For this reader, that is where the comparison ends. Hollinghurst won the 2004 Booker Prize for A Line of Beauty and this novel has attracted some enthusiastic reviews which proclaim The Stranger’s Child as a contender this year. It is not for me — the prose started out flat, moved on to annoying and became even more self-indulgent and tedious as the novel wore on. I like Proust (and his style) but I am afraid the characters and world that Hollinghurst portrays never came to life for me. Unable to enrol in either story or style, I found the read a difficult slog. Then again, I had similar troubles last year with Howard Jacobson’s The Finkler Question and it went on to win the Prize so maybe my taste and that of the Booker jury will diverge again this year.

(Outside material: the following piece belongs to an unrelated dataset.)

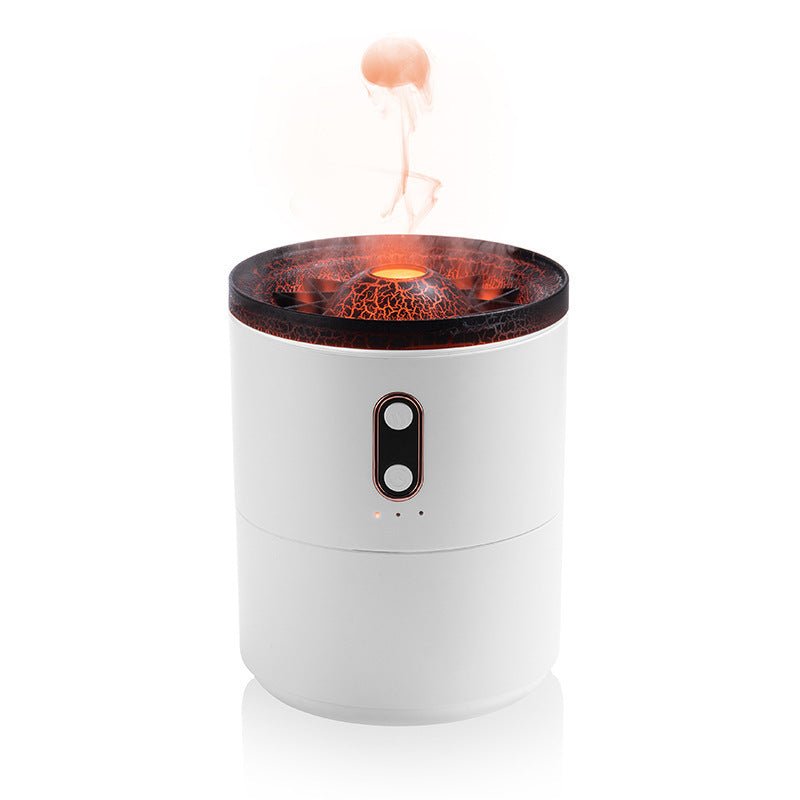 Volcanic Flame Aroma Essential Oil Diffuser | USB Portable Air Humidifier Night Light Lamp Fragrance Humidifier - LuVoria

A note to North American readers: My copy of The Stranger’s Child was an Advanced Reading Copy from Alfred A. Knopf, not due for release in the U.S. and Canada until October — and that is the cover featured at the top of the review — so I am jumping the gun with this review because of Booker considerations. The U.K. version was released July 1 and I have included that cover. While each accurately captures an aspect of the book, my view would be that the maze of the U.K. cover is a better graphic reflection of the novel — for me, reading it was like venturing into a maze that ended up being not very interesting. Others have obviously found it more rewarding.